At some point I decided the fastest way to get better at research was to ask people who actually do it for a living, so I started cold emailing professors. Not a handful — I kept a spreadsheet, and by the time I stopped counting it was somewhere past 150.

My first template was bad, and I mean that plainly. It was long, it opened with something like “I am a high school student passionate about AI and its applications,” and it asked for a lot without offering much back — could we set up a call, could you look at my project, do you have any advice for someone like me. I sent maybe thirty of those. I got back three replies, and two of them were polite declines.

The version that actually worked was shorter and more specific. I dropped the “passionate about AI” line entirely — professors get that phrase from every student email they’ve ever received and it tells them nothing. Instead I said exactly what I was working on in one sentence, referenced something specific from their actual research (a paper, a lab project, sometimes just a line from their faculty page), and asked one narrow question instead of a vague “can we talk.” Something closer to: here’s what I’m doing, here’s where I’m stuck, does this match anything you’ve seen in your work. Response rate went up a lot once I did that. Not dramatically — cold email to busy academics is still cold email — but enough that I started getting real replies instead of silence.

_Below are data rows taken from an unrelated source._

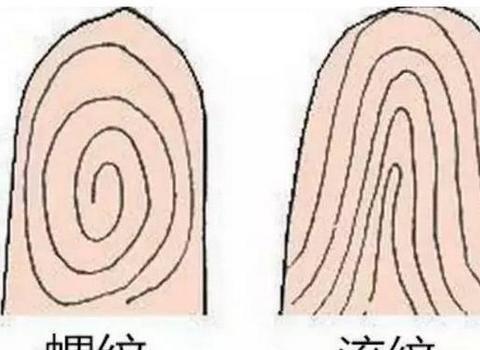 五、 知觉敏锐：感应先机与通晓微妙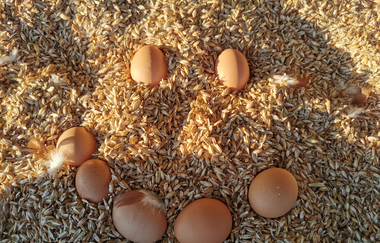 WirsindmobEil | Landwirtschaftlicher Demeter Betrieb | Langenbrettach | Weinsberger Tal | © WirsindmobEil
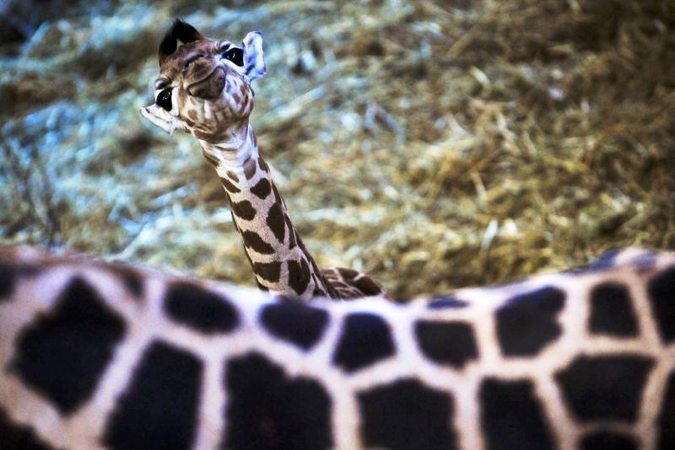Budapešto zoologijos sodas džiaugiasi savaitės amžiaus žirafa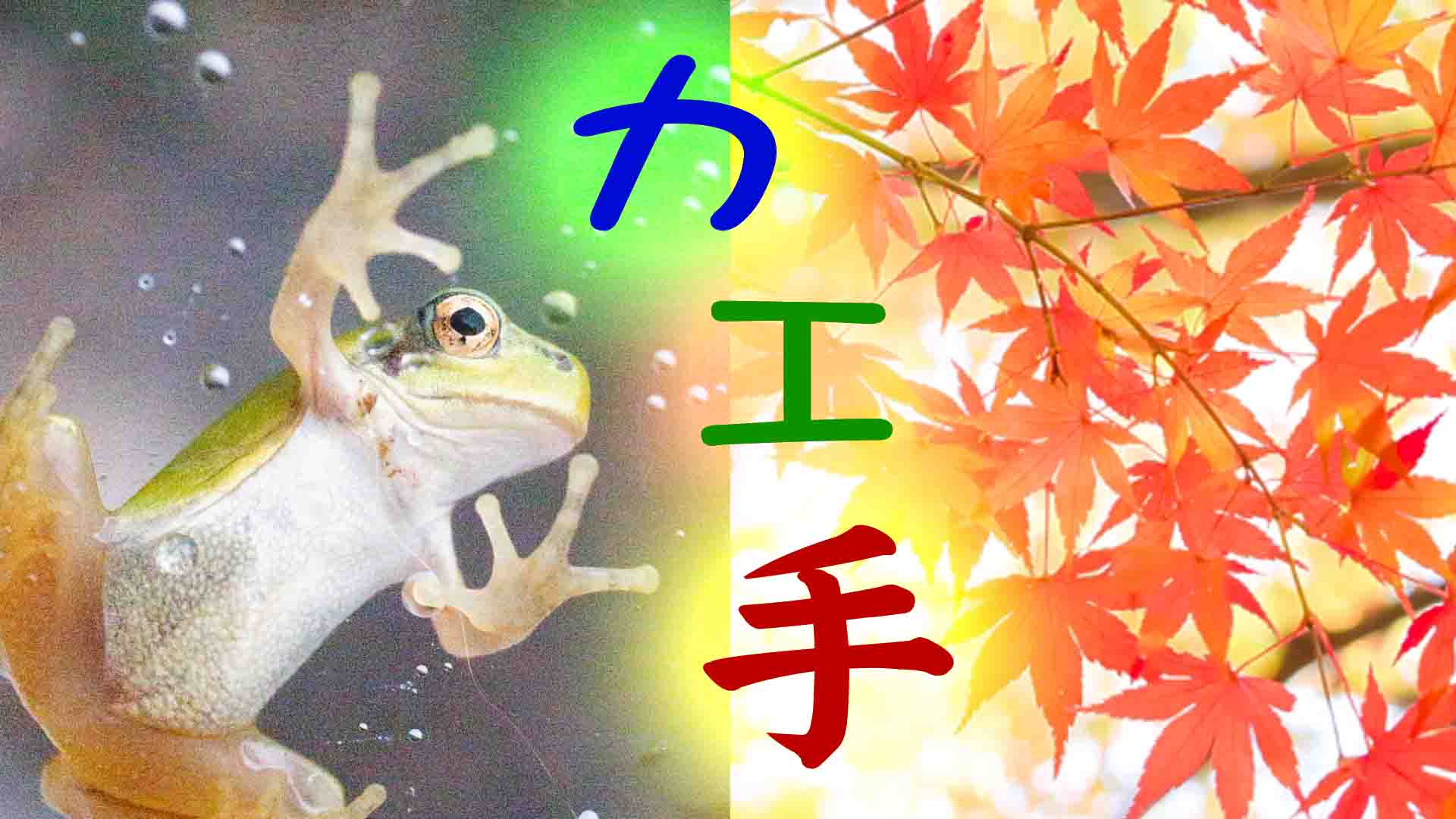 97.秋だもの…カエルの手（カエル コネクション.15）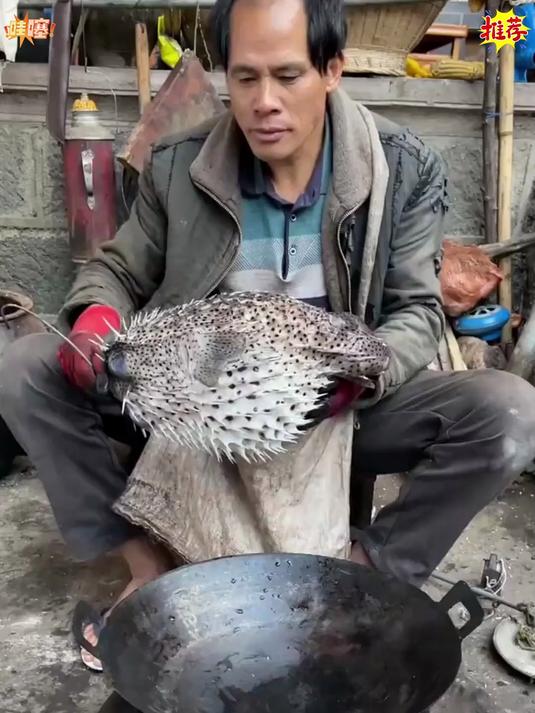 平民养生汤膳大全，做法简单易学，用家常食材做好日常食补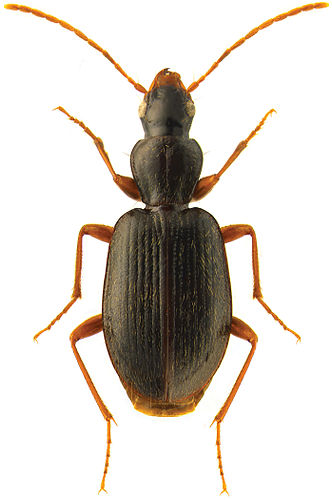 Atranus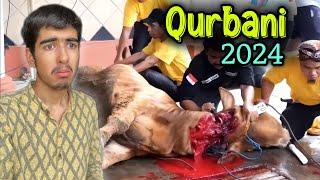 Bakra Eid Vlog 2024 ️‍ Cow Qurbani Alhumdulillah ️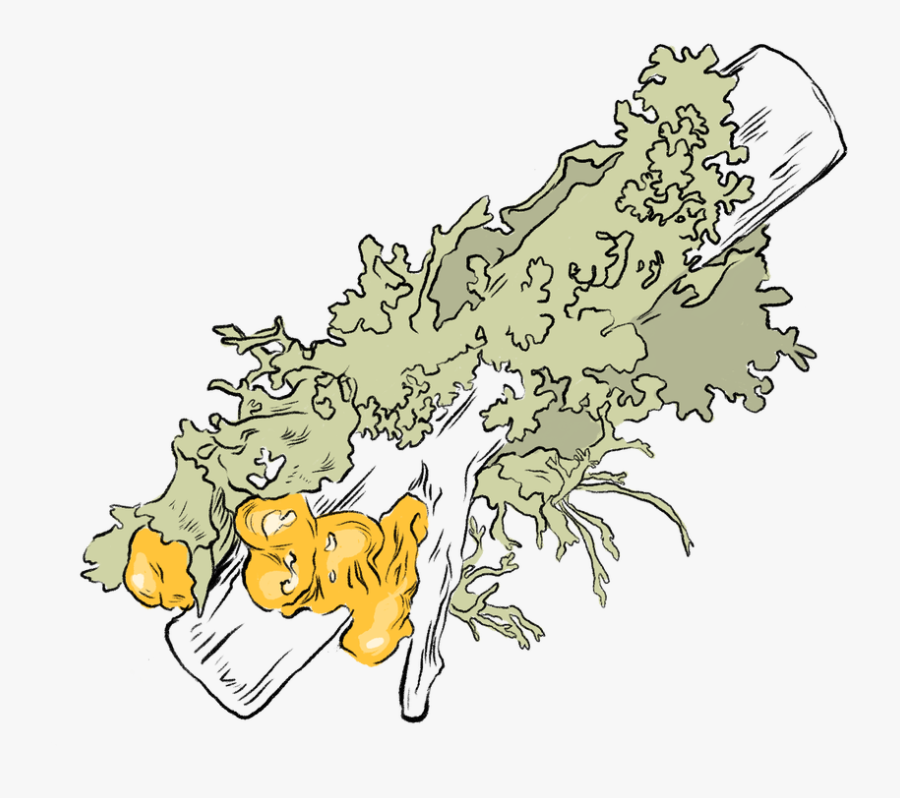 Picture - Illustration, Transparent Clipart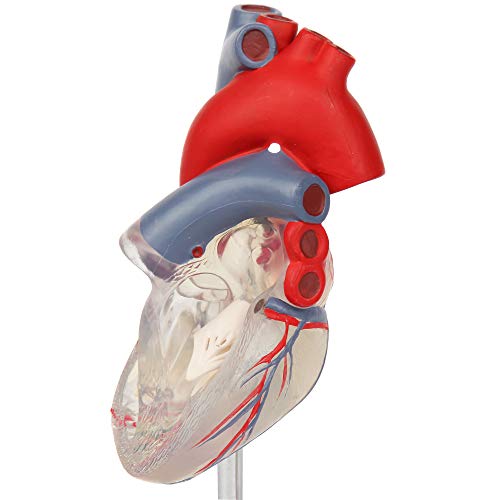 Axis Scientific Heart Model, Transparent 2-Part Deluxe Life Size Human Heart Replica, Held Together with Magnets, Includes Mounted Display Base,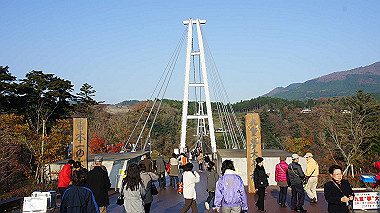 dsc00113_thumb.jpg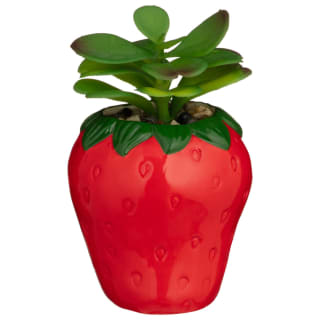 Summer Fruits Succulent - Strawberry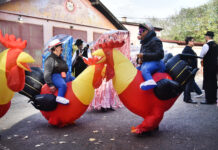 Defile “Meduza” na Petrovaradinskom karnevalu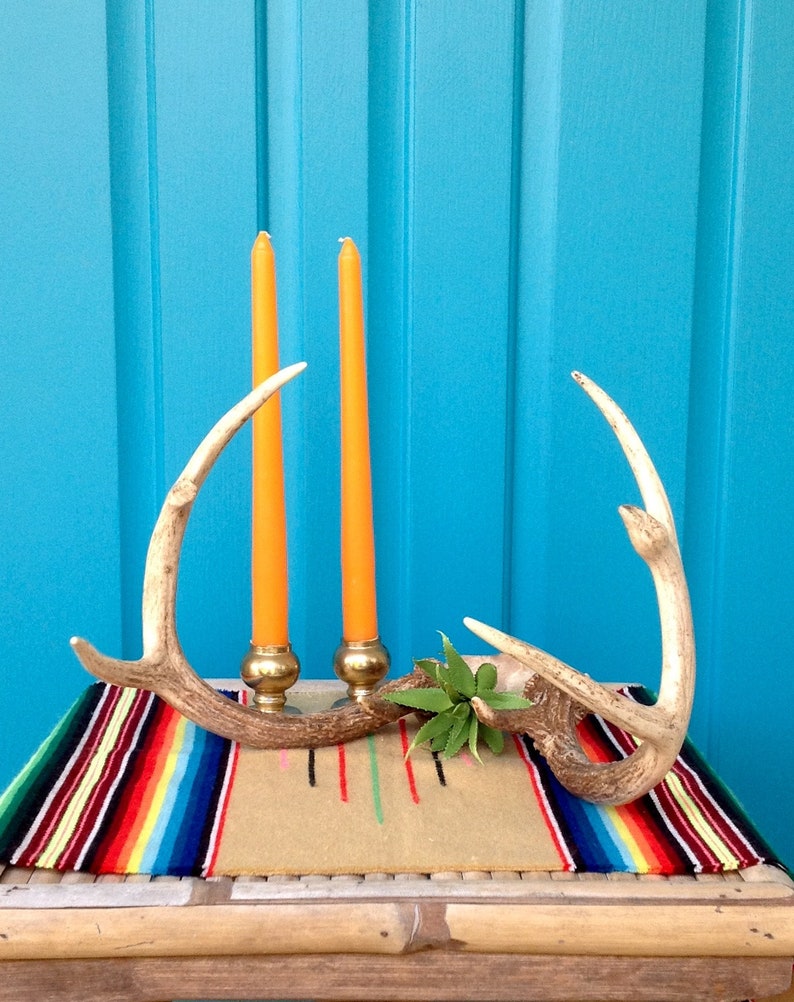 SALE-FREE SHIPPING-Vintage Real Deer Antler Rack-8 Point Whitetail Deer Antler Rack wSkull Bone-Farmhouse-Rustic Holiday Decor-Art Project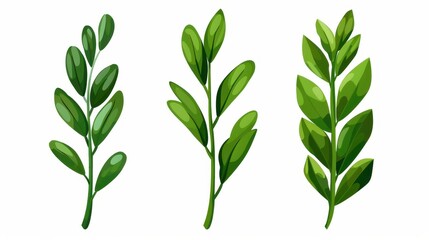 Beautiful handdrawn botanical illustrations perfect for crafting and design projects. Capture natures essence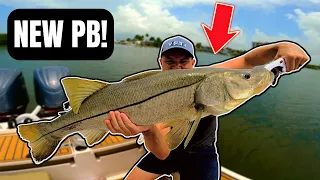 Caught a TROPHY Snook On CUT BAIT!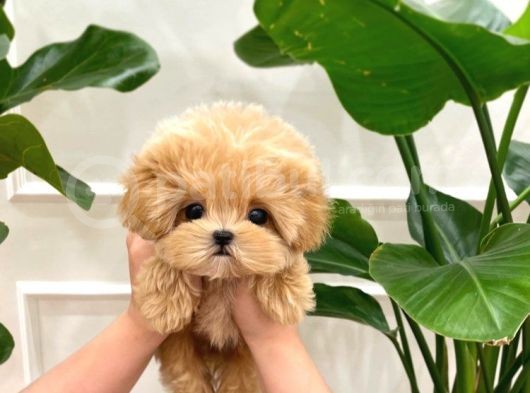 Dünya Tatlisi  Toy Poodle Yavrularimiz görsel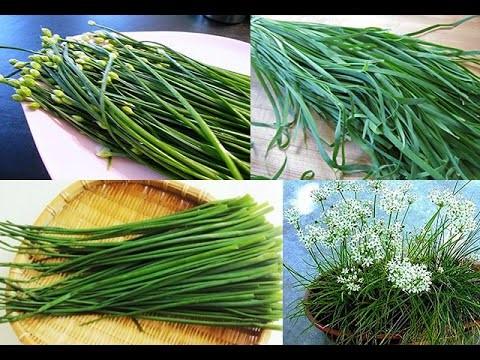 Cây Hẹ - Chậu Rau Giống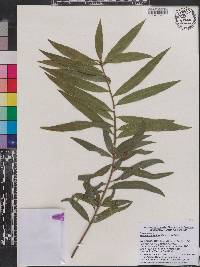 Podocarpus sellowii image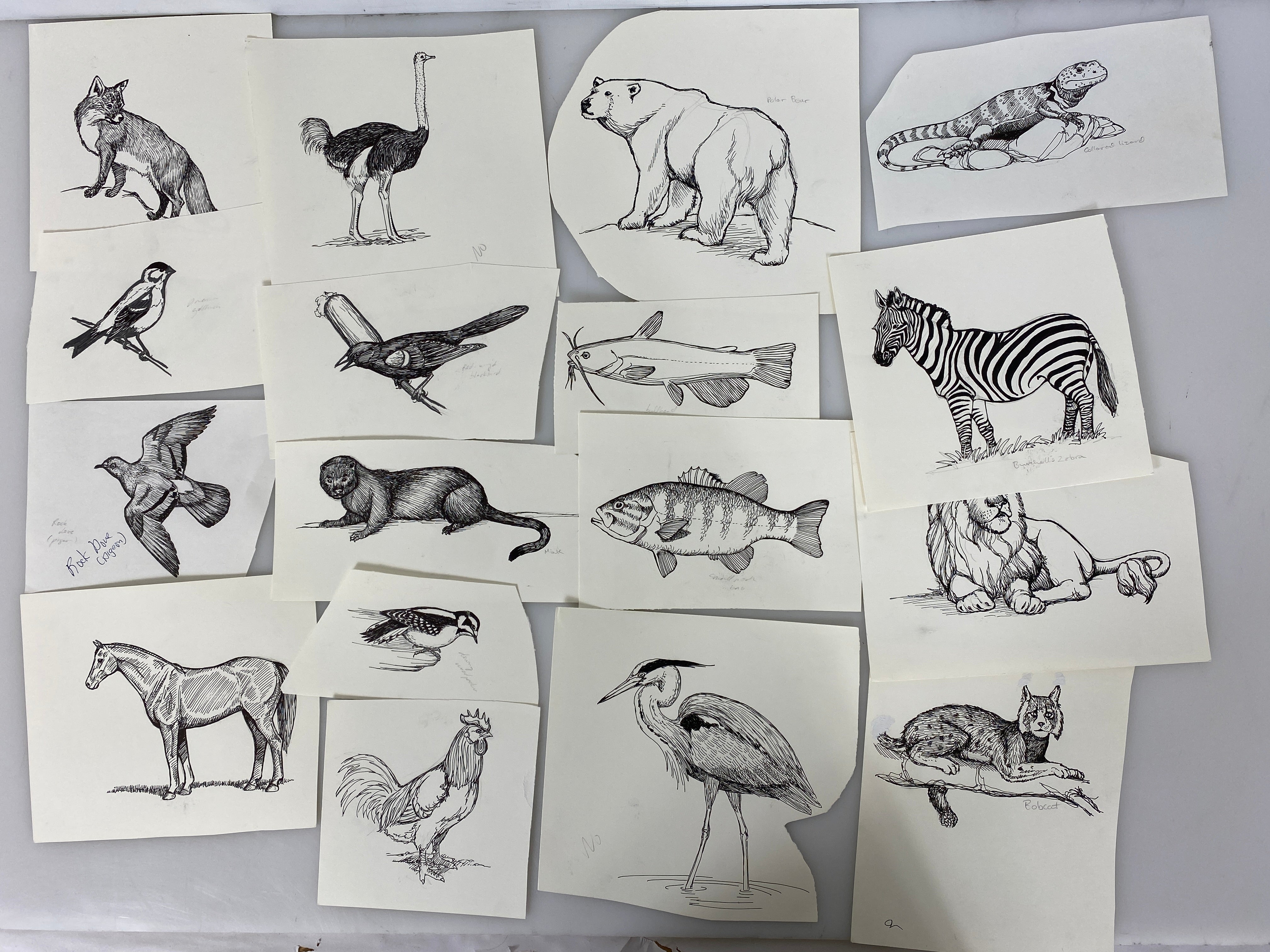 Collection of 165+ Pencil/Pen Hand Drawn Animal Pictures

The most interesting thing that came out of the whole effort wasn’t from an email at all. It came from a conversation with a rabbi I knew, completely unrelated to any of this, who mentioned he had a connection to someone doing relevant research. That one relationship turned into a much more substantive conversation than any single cold email did — the kind where someone actually walks you through how they think about a problem, rather than just pointing you to a paper. It’s a good reminder that the people already around you are sometimes a better path in than a stranger’s inbox.

If I’m honest about what a high schooler can realistically get out of 150 cold emails, it’s not mentorship and it’s not a research position. Mostly it’s small pieces of advice, a pointer to a paper you hadn’t found, occasionally a genuinely useful correction to something you got wrong. That’s still worth a lot. But I’d be lying if I said it was some hack that gets you a lab. What it gets you is practice writing to strangers concisely, a slightly thicker skin about being ignored, and once in a while, a door that opens somewhere you weren’t even knocking.